### TASK PROMPT
In the records below, find the line containing "This is how" and the line containing "After entering your"; please repeat exactly the lines from one to the other, both included, and nothing more.

### DATA FOR THIS TASK
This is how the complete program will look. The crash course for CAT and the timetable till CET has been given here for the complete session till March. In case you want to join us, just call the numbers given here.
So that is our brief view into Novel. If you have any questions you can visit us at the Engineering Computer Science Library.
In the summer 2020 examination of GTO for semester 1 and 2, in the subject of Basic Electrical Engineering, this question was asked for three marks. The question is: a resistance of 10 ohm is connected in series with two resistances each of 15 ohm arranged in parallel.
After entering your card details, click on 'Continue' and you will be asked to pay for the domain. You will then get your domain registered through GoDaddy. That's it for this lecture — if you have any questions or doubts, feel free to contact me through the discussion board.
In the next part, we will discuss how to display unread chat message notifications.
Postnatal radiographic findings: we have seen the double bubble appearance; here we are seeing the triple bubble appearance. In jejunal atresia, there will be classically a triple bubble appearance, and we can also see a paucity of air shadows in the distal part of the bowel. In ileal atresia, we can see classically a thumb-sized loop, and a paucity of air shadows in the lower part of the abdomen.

...

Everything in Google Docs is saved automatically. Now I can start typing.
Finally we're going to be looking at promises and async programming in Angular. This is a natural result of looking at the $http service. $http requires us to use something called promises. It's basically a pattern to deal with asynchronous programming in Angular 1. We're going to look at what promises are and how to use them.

### RESULT OF THE EXERCISE
This is how the complete program will look. The crash course for CAT and the timetable till CET has been given here for the complete session till March. In case you want to join us, just call the numbers given here.
So that is our brief view into Novel. If you have any questions you can visit us at the Engineering Computer Science Library.
In the summer 2020 examination of GTO for semester 1 and 2, in the subject of Basic Electrical Engineering, this question was asked for three marks. The question is: a resistance of 10 ohm is connected in series with two resistances each of 15 ohm arranged in parallel.
After entering your card details, click on 'Continue' and you will be asked to pay for the domain. You will then get your domain registered through GoDaddy. That's it for this lecture — if you have any questions or doubts, feel free to contact me through the discussion board.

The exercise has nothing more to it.